Work request. Using the data below, output a verbatim copy of the lines between the one holding "Air Fryer Rack" and the one holding "Christmas Ghost Car", inclusive, without any pictures.

Dataset excerpts.
= Beginning of Section =
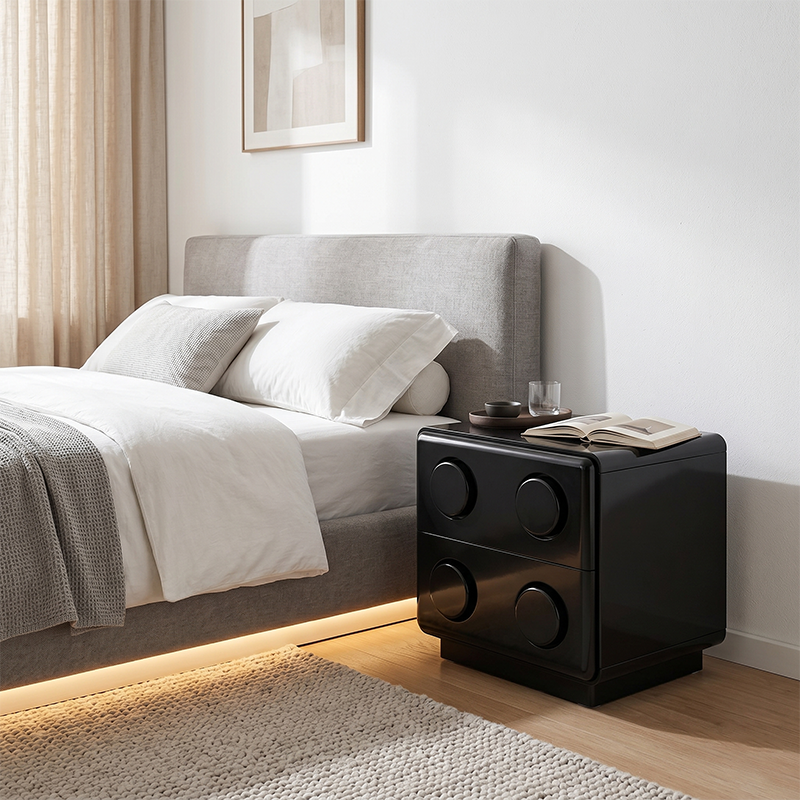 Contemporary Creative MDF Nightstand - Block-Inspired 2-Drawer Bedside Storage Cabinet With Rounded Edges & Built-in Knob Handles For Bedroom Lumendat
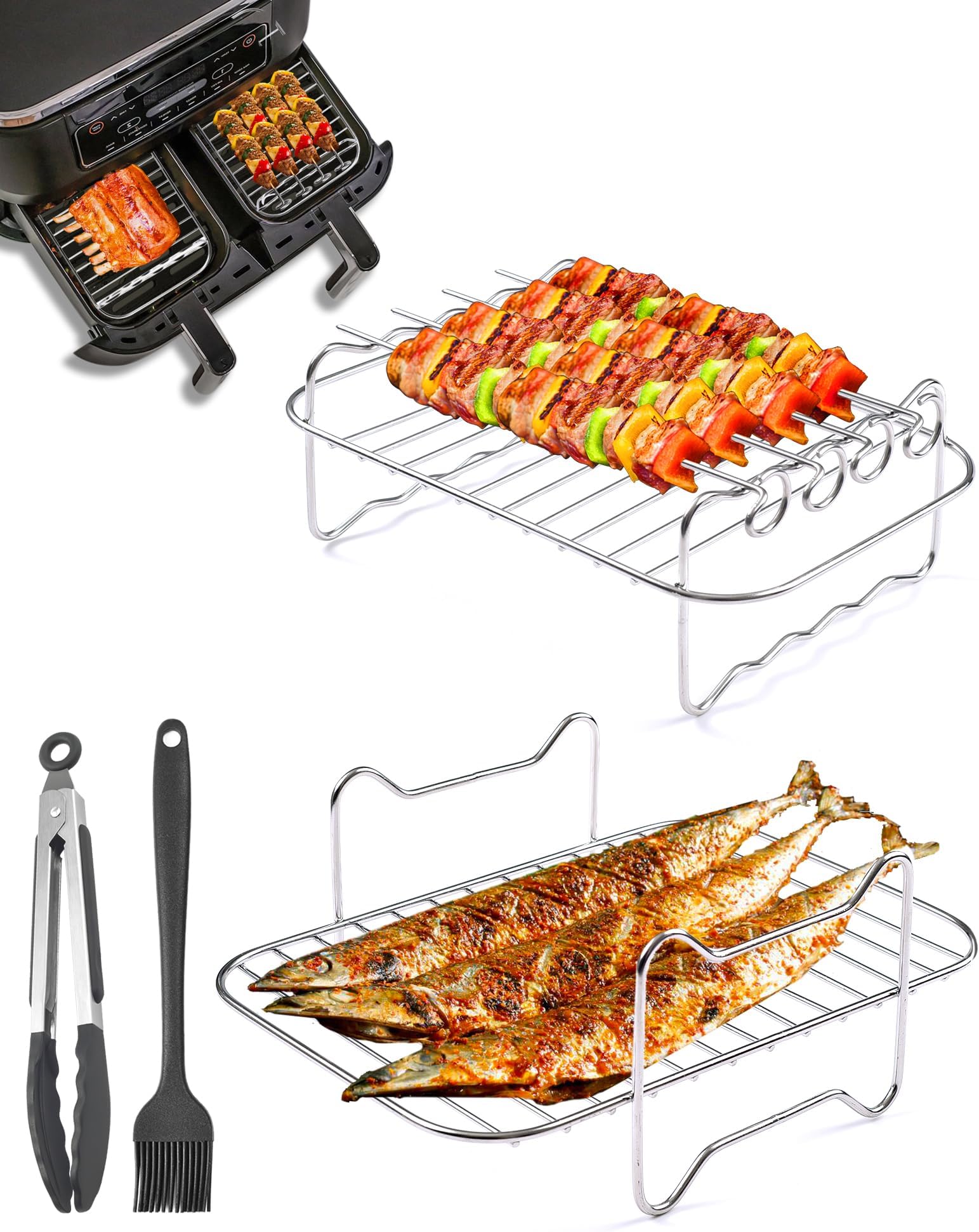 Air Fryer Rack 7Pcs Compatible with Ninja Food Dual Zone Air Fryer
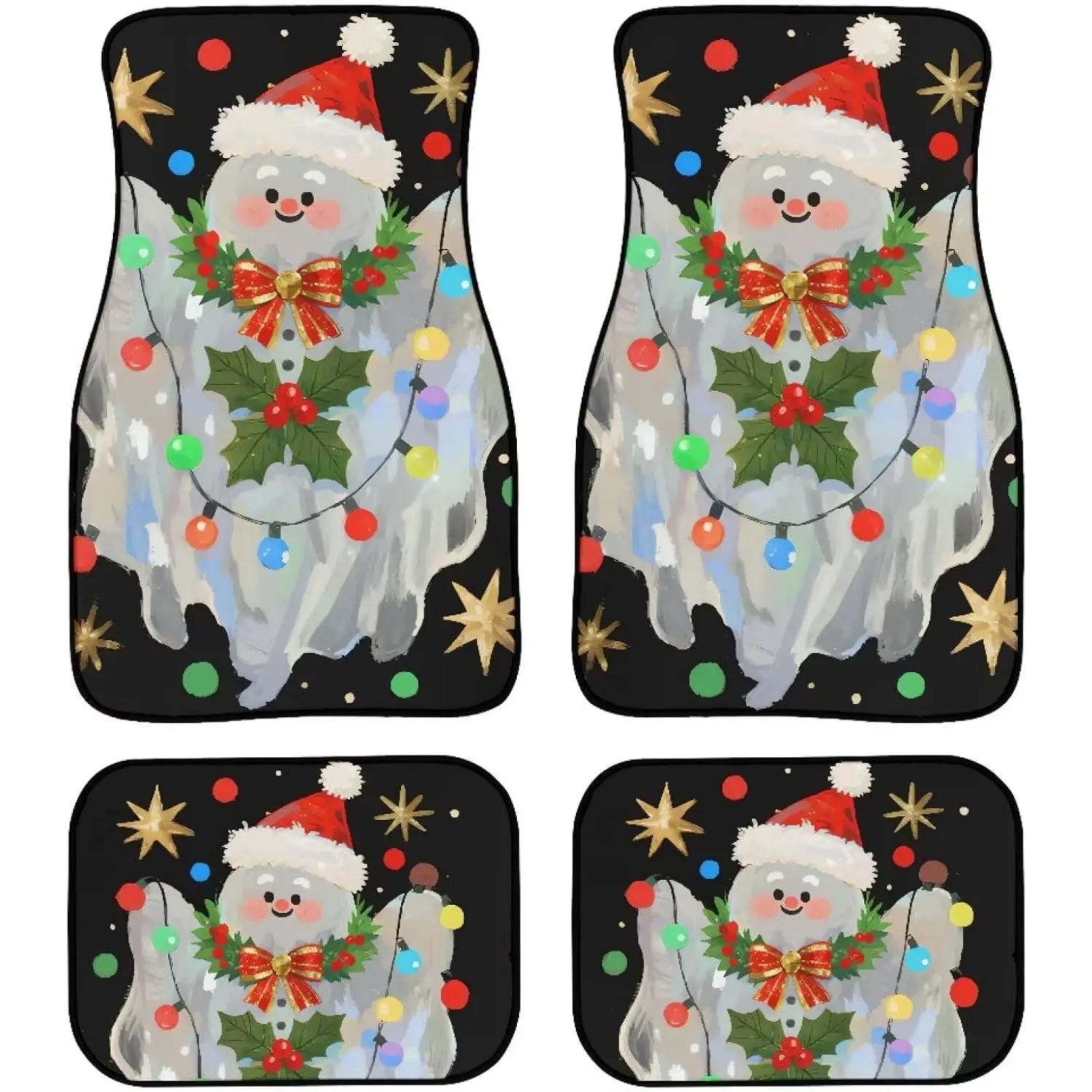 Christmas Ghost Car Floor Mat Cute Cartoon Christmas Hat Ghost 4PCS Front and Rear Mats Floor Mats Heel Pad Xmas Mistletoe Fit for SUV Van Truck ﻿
= End of Section =
= Beginning of Section =
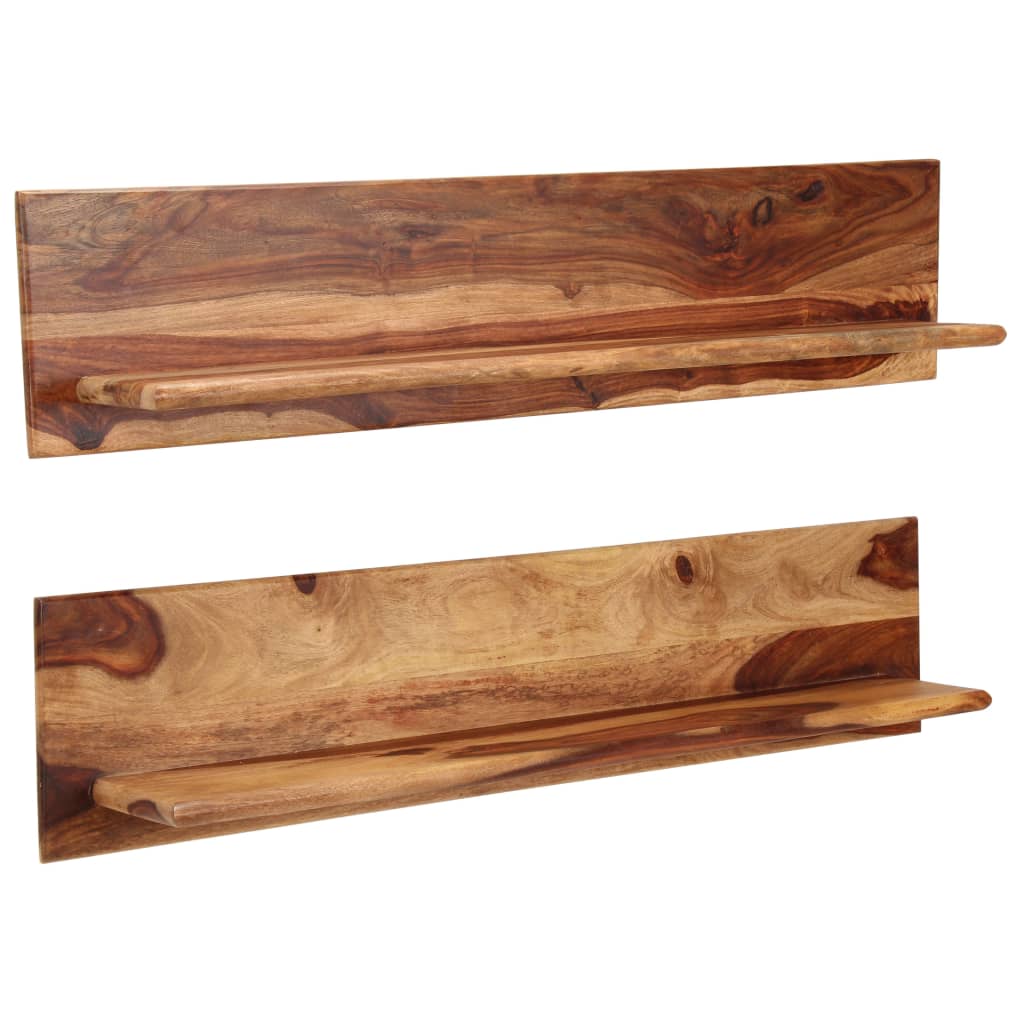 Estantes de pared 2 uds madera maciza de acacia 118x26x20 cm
= End of Section =
= Beginning of Section =
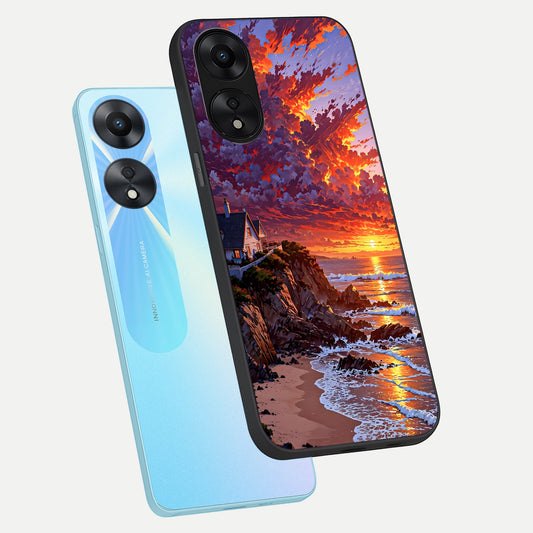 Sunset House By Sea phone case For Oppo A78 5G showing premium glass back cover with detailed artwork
= End of Section =
Task response.
 Air Fryer Rack 7Pcs Compatible with Ninja Food Dual Zone Air Fryer
 Christmas Ghost Car Floor Mat Cute Cartoon Christmas Hat Ghost 4PCS Front and Rear Mats Floor Mats Heel Pad Xmas Mistletoe Fit for SUV Van Truck ﻿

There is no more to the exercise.